L’Afrique du Sud n’est plus la première puissance économique d’Afrique

Le Nigeria a dépassé le pays austral, dont la croissance s'essoufle et le déficit se creuse.

L'Afrique du Sud a longtemps été la première économie d'Afrique. Elle représente quelque 30 % du produit intérieur brut (PIB) de l'Afrique subsaharienne et 70 % de celui de l'Afrique australe, mais elle vient de perdre son rang de première puissance économique du continent au profit du Nigeria.

 

Malgré les progrès accomplis depuis la fin de l'Apartheid en 1994, le pays, où se déroulent mercredi 7 mai des élections législatives, affronte d'immenses défis économiques, sociaux et de santé publique (le taux de prévalence du Sida, très important, est de l'ordre de 10 %). Le chômage, massif, touche près d'un actif sur trois et 50 % des jeunes. Les inégalités s'accroissent et elles sont même plus importantes qu'au temps de l'Apartheid. L'économie n'est pas assez diversifiée. Les comptes externes se sont dégradés.

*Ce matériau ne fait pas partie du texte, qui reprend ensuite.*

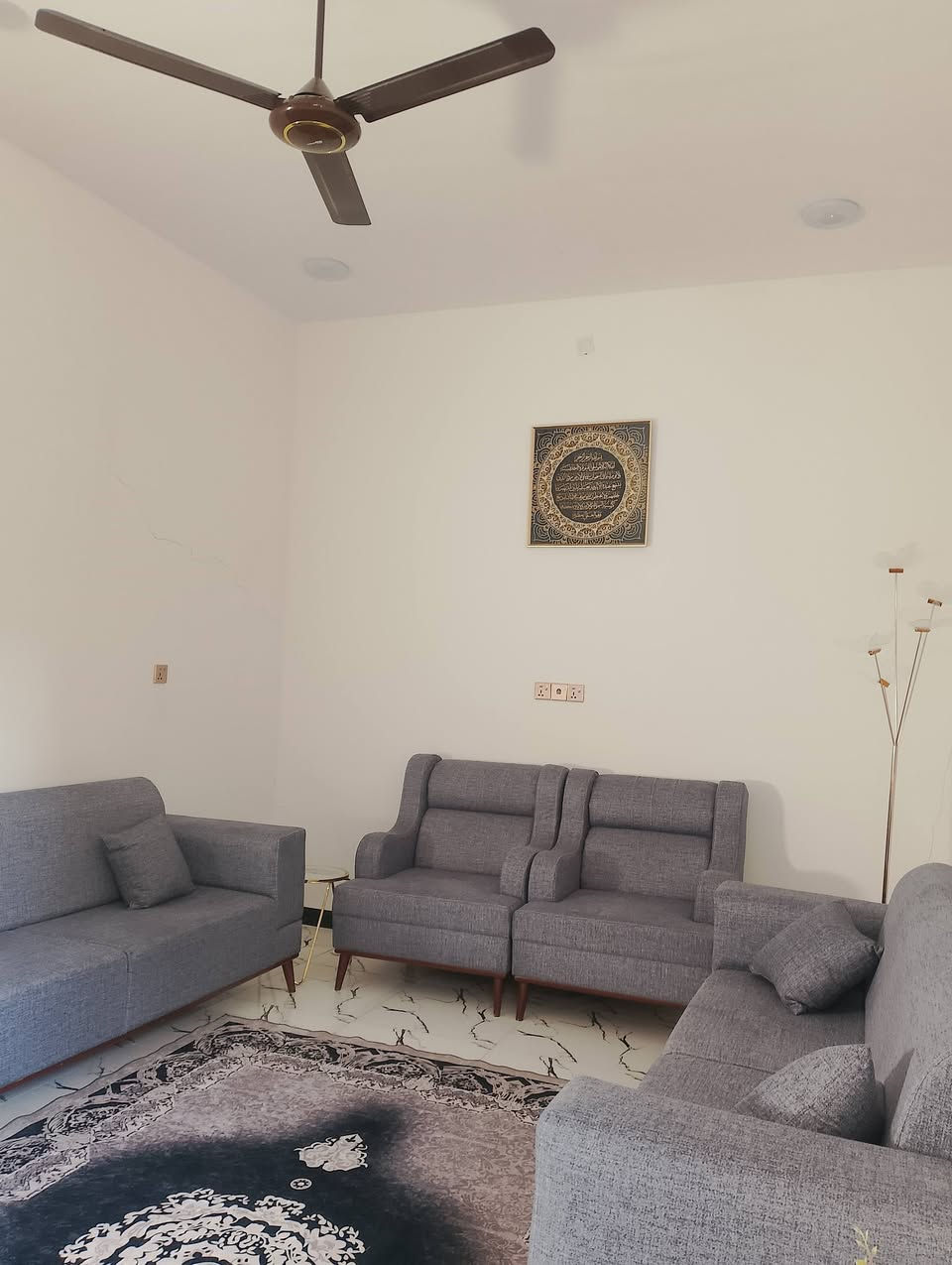 بيت طابو صرف مساحه ١٠٠ متر في الاسكان صناعي نزله ثالثه 
يحتوي ع غرفه صاله دوانيه مطبخ صحيات داخلي وخارجي 
الشراي فقط يتصل ***********
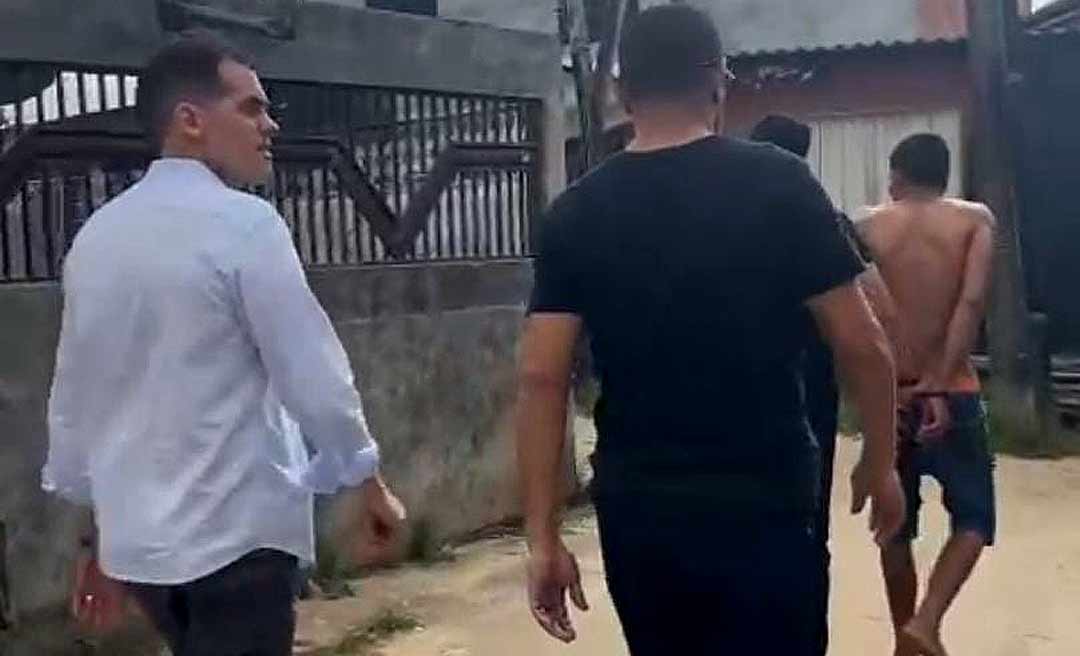 Homem é preso pela Polícia Civil por furto e descumprimento de medida protetiva contra a irmã em Cruzeiro do Sul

La prévision de croissance pour 2014 a été ramenée des 2,8 % initialement prévus à 2,3 %, selon une note du service économique régional de Pretoria et de la DG Trésor. L'économie sud-africaine tire la croissance de l'Afrique australe vers le bas (+ 3,5 %), loin derrière les performances du reste de l'Afrique subsaharienne (+ 5,4 %).

Depuis le milieu des années 1990, l'économie sud-africaine a crû en moyenne de 3,3 % par an. Elle a connu des années plus fastes entre 2000 et 2007, avec un PIB progressant de 4,2 % par an, une forte récession en 2009 (- 1,8 %), et elle peine depuis à retrouver des niveaux de croissance en ligne avec son potentiel (3,1 % selon la Banque mondiale).

Dans un pays où la population est jeune – la moitié des Sud-Africains ont moins de 25 ans –, la faiblesse de la croissance est terrible : elle ne permet pas de créer suffisamment d'emplois ni de faire reculer le nombre des demandeurs d'emploi. Vingt ans après la fin de l'Apartheid, le taux de chômage des Sud-Africains reste directement corrélé, selon les statistiques officielles, à l'origine ethnique : il est de près de 6 % chez les Blancs, de 22 % chez les Métis et de 35 % chez les Noirs, preuve que les inégalités demeurent extrêmement fortes et que les politiques de discrimination positive, comme le Black Economic Empowerment, ne sont pas à la hauteur de la gravité de la situation.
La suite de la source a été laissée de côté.